Data science targets the data life cycle of real applications, studying phenomena at scales, complexities, and granularities never before possible. This data life cycle encompasses databases and data engineering often leveraging statistical, machine learning, and artificial intelligence methods and, in many instances, using massive and heterogeneous collections of potentially noisy datasets. In this special section, we focus on data-intensive components of data science pipelines; and solve problems in areas of interest to our community (e.g., data curation, optimization, performance, storage, and systems).
To promote the recent work on scalable data science, we organize this special section at Journal of Computer Science and Technology (JCST). We received XX papers from all over the world. First, the guest editors preformed quick reviews and immediately rejected insufficiently highquality submissions. Then, each remaining submission was reviewed by at least three invited international reviewers. All the papers were carried out two rounds of reviews, and the authors were asked to address all the major and minor issues in their submissions during the review process. Eventually we accepted seven high-quality submissions in terms of clarity, novelty, significance, and relevance.
The first paper "GAM: A GPU-Accelerated Algorithm for MaxRS Queries in Road Networks" by Jian Chen et al. proposes a novel GPU-accelerated algorithm GAM to tackle maximizing range sum queries in road networks efficiently with a two-level framework. The framework first proposes an effective multi-grained pruning technique to prune the cells derived from partitioning the road network, and then GPU-friendly storage structure is designed to compute the final result in the remaining cells.

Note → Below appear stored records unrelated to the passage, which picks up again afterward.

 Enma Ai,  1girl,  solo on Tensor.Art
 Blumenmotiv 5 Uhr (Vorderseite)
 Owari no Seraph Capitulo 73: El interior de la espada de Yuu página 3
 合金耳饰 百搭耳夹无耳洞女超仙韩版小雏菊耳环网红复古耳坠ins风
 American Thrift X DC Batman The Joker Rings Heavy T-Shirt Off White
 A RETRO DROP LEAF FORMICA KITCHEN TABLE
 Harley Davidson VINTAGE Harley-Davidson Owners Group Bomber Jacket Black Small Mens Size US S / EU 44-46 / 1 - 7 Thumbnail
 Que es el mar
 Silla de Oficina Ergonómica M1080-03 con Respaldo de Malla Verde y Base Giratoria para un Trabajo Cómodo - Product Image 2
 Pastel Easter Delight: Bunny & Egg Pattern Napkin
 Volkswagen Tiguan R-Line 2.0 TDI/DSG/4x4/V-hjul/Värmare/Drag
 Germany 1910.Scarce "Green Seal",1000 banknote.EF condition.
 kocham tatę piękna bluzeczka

The second paper "Experiments and Analyses of Anonymization Mechanisms for Trajectory Data Publishing" by Sun et al. systematically evaluates the individual privacy in terms of unicity and the utility in terms of practical applications of the anonymized trajectory data. This paper reveals the true situation of the privacy preservation for trajectories in terms of reidentification and the true situation of the utility of anonymized trajectories.
The third paper "Efficient Partitioning Method for Optimizing the Compression on Array Data" by Han et al. utilizes header compression to address the problem of array partitioning for optimizing the compression performance. The paper designs a greedy strategy which can help to find the partition point with the best compression performance.
The forth paper "Discovering Cohesive Temporal Subgraphs with Temporal Density Aware Exploration" by Zhu et al. proposes a temporal subgraph model to discover cohesive temporal subgraphs by capturing both the structural and the temporal characteristics of temporal cohesive subgraphs. This paper designs strategies to mine temporal densest subgraphs efficiently by decomposing the temporal graph into the sequence of snapshots.
The fifth paper "Incremental User Identification Across Social Networks Based on User-Guider Similarity Index" by Kou et al. proposes an incremental user identification method across social networks based on User-guider Similarity Index. The paper first constructs a novel User guider Similarity Index to speed up the matching between users, and then applies a two-phase user identification strategy to efficiently identify users.
The sixth paper "An Exercise Collection Auto-Assembling Framework with Knowledge Tracing and Reinforcement Learning" by Zhao et al. introduces an exercise collection auto-assembling framework, in which the assembled exercise collection can meet the teacher’s requirements on the difficulty index and the discrimination index. The paper designs a two-stage approach where a knowledge tracing model is used to predict the students’ answers and a deep reinforcement learning model to select exercises to satisfy the query parameters.